Like a tall tree in the tempest Bent and lashed the giant bulrush; And in masses huge and heavy Crashing fell the fatal Wawbeek; Till the earth shook with the tumult And confusion of the battle, And the air was full of shoutings, And the thunder of the mountains, Starting, answered, "Baim-wawa!" Back retreated Mudjekeewis, Rushing westward o'er the mountains, Stumbling westward down the mountains, Three whole days retreated fighting, Still pursued by Hiawatha To the doorways of the West-Wind, To the portals of the Sunset, To the earth's remotest border, Where into the empty spaces Sinks the sun, as a flamingo Drops into her nest at nightfall In the melancholy marshes.
"Hold!" at length cried Mudjekeewis, "Hold, my son, my Hiawatha! 'T is impossible to kill me, For you cannot kill the immortal I have put you to this trial, But to know and prove your courage; Now receive the prize of valor! "Go back to your home and people, Live among them, toil among them, Cleanse the earth from all that harms it, Clear the fishing-grounds and rivers, Slay all monsters and magicians, All the Wendigoes, the giants, All the serpents, the Kenabeeks, As I slew the Mishe-Mokwa, Slew the Great Bear of the mountains.
"And at last when Death draws near you, When the awful eyes of Pauguk Glare upon you in the darkness, I will share my kingdom with you, Ruler shall you be thenceforward Of the Northwest-Wind, Keewaydin, Of the home-wind, the Keewaydin.
" Thus was fought that famous battle In the dreadful days of Shah-shah, In the days long since departed, In the kingdom of the West-Wind.
Still the hunter sees its traces Scattered far o'er hill and valley; Sees the giant bulrush growing By the ponds and water-courses, Sees the masses of the Wawbeek Lying still in every valley.
Homeward now went Hiawatha; Pleasant was the landscape round him, Pleasant was the air above him, For the bitterness of anger Had departed wholly from him, From his brain the thought of vengeance, From his heart the burning fever.
Only once his pace he slackened, Only once he paused or halted, Paused to purchase heads of arrows Of the ancient Arrow-maker, In the land of the Dacotahs, Where the Falls of Minnehaha Flash and gleam among the oak-trees, Laugh and leap into the valley.
There the ancient Arrow-maker Made his arrow-heads of sandstone, Arrow-heads of chalcedony, Arrow-heads of flint and jasper, Smoothed and sharpened at the edges, Hard and polished, keen and costly.
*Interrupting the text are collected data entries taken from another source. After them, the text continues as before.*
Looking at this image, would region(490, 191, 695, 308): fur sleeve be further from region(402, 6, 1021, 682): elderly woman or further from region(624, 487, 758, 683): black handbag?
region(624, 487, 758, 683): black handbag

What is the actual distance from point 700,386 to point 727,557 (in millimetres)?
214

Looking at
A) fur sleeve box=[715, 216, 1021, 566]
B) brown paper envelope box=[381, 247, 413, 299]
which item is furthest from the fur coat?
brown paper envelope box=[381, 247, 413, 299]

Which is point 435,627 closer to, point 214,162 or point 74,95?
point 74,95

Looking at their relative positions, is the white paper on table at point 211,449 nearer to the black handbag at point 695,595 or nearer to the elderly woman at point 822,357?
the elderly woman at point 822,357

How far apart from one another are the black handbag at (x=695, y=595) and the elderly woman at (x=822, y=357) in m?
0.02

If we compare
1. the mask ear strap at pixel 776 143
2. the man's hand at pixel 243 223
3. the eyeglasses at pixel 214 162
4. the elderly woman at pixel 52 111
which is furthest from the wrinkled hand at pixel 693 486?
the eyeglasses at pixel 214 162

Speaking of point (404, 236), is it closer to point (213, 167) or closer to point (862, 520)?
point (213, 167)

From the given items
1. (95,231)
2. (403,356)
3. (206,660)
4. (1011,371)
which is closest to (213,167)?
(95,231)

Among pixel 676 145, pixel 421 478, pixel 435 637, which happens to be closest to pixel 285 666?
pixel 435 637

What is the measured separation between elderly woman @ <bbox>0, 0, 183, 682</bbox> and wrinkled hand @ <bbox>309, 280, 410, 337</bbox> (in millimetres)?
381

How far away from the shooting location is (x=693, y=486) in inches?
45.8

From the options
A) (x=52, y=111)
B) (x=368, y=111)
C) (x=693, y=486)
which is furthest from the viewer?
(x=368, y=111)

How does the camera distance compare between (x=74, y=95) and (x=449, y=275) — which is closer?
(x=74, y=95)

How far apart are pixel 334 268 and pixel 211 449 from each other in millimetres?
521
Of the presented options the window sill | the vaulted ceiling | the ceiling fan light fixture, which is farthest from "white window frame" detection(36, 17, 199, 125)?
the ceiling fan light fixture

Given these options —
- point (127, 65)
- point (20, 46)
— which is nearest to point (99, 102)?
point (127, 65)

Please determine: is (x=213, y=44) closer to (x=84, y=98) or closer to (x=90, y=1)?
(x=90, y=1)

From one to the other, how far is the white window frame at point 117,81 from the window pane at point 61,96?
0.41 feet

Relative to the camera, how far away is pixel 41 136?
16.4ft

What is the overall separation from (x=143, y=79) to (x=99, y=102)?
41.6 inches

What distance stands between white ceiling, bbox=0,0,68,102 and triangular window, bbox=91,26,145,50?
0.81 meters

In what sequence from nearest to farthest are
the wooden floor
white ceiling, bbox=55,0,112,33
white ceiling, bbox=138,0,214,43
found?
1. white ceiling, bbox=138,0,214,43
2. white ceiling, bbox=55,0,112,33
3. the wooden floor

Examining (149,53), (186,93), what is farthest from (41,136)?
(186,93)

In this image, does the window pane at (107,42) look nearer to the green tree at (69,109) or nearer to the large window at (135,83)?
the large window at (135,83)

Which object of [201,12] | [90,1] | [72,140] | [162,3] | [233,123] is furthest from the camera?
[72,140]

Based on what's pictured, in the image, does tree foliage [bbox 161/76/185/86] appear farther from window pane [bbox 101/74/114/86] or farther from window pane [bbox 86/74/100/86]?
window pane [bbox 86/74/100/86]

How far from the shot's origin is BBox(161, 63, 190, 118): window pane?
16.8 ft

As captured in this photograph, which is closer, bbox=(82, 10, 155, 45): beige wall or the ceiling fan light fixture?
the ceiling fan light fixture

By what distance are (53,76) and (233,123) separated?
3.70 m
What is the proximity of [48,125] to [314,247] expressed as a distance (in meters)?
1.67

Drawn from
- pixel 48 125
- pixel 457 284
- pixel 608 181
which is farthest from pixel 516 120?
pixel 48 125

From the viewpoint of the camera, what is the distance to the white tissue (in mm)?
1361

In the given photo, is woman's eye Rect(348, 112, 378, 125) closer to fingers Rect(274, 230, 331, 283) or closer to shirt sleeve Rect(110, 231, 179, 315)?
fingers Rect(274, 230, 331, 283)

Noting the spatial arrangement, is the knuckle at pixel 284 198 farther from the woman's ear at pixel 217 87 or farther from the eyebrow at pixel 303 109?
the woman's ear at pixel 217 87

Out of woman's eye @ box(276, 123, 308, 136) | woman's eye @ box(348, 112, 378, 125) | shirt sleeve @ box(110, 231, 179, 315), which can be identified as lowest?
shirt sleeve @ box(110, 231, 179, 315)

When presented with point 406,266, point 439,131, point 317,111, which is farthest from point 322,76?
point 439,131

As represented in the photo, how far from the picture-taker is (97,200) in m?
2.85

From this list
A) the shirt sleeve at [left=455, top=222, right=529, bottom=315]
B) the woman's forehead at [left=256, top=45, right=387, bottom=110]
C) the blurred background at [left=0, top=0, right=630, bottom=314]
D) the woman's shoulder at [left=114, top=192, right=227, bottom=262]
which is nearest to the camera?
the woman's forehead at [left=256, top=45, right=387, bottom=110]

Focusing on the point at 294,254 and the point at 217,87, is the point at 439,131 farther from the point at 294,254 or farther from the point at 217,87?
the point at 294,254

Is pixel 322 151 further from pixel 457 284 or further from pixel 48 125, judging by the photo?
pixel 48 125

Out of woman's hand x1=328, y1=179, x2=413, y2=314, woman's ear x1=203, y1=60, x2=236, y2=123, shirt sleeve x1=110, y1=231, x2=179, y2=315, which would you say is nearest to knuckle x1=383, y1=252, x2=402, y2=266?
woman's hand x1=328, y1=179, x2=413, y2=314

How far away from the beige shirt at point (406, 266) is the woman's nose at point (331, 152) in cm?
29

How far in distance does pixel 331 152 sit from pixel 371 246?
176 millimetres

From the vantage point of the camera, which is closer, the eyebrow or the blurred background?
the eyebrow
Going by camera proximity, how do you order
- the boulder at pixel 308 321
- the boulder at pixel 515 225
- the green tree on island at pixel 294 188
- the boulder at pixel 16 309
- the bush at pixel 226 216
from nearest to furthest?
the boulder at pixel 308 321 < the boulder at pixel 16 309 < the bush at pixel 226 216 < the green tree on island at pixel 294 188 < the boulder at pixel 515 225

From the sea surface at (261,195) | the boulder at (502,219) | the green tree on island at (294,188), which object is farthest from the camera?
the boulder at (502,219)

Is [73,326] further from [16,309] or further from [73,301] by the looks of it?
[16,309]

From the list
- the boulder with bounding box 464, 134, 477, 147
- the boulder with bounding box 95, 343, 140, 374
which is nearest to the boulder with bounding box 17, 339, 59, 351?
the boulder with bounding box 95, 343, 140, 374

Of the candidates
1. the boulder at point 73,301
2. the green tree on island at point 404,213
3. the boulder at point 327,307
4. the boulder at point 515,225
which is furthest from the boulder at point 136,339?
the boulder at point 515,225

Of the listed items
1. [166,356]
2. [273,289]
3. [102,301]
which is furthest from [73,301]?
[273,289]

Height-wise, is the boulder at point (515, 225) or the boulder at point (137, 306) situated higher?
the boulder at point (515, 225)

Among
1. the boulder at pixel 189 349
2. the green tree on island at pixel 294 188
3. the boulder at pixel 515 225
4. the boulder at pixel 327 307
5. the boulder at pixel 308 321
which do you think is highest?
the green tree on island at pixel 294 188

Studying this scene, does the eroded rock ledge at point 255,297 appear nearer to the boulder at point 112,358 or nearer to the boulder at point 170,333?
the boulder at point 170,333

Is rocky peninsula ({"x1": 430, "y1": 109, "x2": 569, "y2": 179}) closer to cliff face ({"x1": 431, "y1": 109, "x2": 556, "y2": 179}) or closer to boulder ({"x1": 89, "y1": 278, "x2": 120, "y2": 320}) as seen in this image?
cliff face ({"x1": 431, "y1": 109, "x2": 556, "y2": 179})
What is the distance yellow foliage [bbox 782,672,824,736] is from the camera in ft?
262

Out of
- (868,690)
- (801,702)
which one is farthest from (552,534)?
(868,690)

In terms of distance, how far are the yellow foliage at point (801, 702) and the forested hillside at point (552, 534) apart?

With him dwelt his dark-eyed daughter, Wayward as the Minnehaha, With her moods of shade and sunshine, Eyes that smiled and frowned alternate, Feet as rapid as the river, Tresses flowing like the water, And as musical a laughter: And he named her from the river, From the water-fall he named her, Minnehaha, Laughing Water.
Was it then for heads of arrows, Arrow-heads of chalcedony, Arrow-heads of flint and jasper, That my Hiawatha halted In the land of the Dacotahs? Was it not to see the maiden, See the face of Laughing Water Peeping from behind the curtain, Hear the rustling of her garments From behind the waving curtain, As one sees the Minnehaha Gleaming, glancing through the branches, As one hears the Laughing Water From behind its screen of branches? Who shall say what thoughts and visions Fill the fiery brains of young men? Who shall say what dreams of beauty Filled the heart of Hiawatha? All he told to old Nokomis, When he reached the lodge at sunset, Was the meeting with his father, Was his fight with Mudjekeewis; Not a word he said of arrows, Not a word of Laughing Water.